Years after being sent to a labour camp during the government’s purge of so-called rightists, Professor Lu Yanshi (Chen Daoming) escapes. He arranges a secret rendezvous with his wife Feng Wanyu (Gong Li), but their reunion is foiled by their teenage daughter, Dan Dan (Zhang Huiwen), who grew up never knowing her father. Partly out of blind political obedience, but more out of normal adolescent selfishness—she’s an aspiring ballerina who dreams of playing the lead in The Red Detachment of Women, but knows she won’t get it without a display of loyalty to the party—Dan Dan informs the authorities about her father’s whereabouts. Lu is caught and returned to the camp. Years go by, the Revolution officially ends, and Lu is released. Dan Dan has given up dance and works in a textile factory. Feng is now afflicted with psychogenic amnesia, a disorder characterized by sudden autobiographical memory loss. Lu comes home, but Feng doesn’t recognize Lu, and much of the second half of Coming Home concerns Lu’s attempts to rectify this through various complicated ruses.
That second half of Coming Home doesn’t feature a great many dramatic turns; it’s more about deepening the essentially irresolvable central conflict and fortifying its resonance. We don’t need to know whether Feng’s condition is directly related to trauma or heartbreak because the effects of her amnesia—a somewhat exaggerated version of a real condition—are poignant regardless. The Cultural Revolution fractured her family and then fractured her mind’s ability to register family at all. But Coming Home is also a parable about the perils of nostalgia, of marital devotion taken to an eerie extreme. Lu comes home, but the Lu that left, the younger, hopeful Lu that could have been husband to his wife and father to his child all those years, is never coming back. The film’s final suggestion that Lu and Feng will always be waiting—together, at least—for that lost Lu, is haunting.

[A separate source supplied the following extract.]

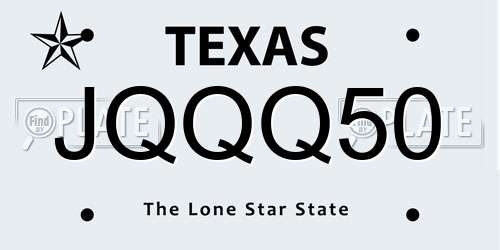 JQQQ50 Texas License Plate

I mentioned that Coming Home is something like a fable, and it’s worth coming to the film with that reading in mind. The performances register as pretty broad. Zhang Huiwen spends the first half of Coming Home with a scowl of heartless determination on her face that renders Dan Dan something of a cartoon, while Gong—who rose to international fame as the star of numerous Zhang films, most famously 1991’s Raise the Red Lantern—is most often sporting a carefully sculpted gaze that reads “melancholy” and “faraway” in large print. Gong imbues Feng’s psychogenic amnesia with a fragility that feels at times too much like a young stage actor trying to embody an octogenarian’s dementia. So performative nuance is not Coming Home’s strong-suit. And maybe that’s OK. Instead we get a fascinating story precisely doled out, and arresting sequences like the beautifully orchestrated sting at the train station. Maybe we should think of Coming Home as a film made for someone with Feng’s disorder: forget the subtle details, and just try to absorb the big picture.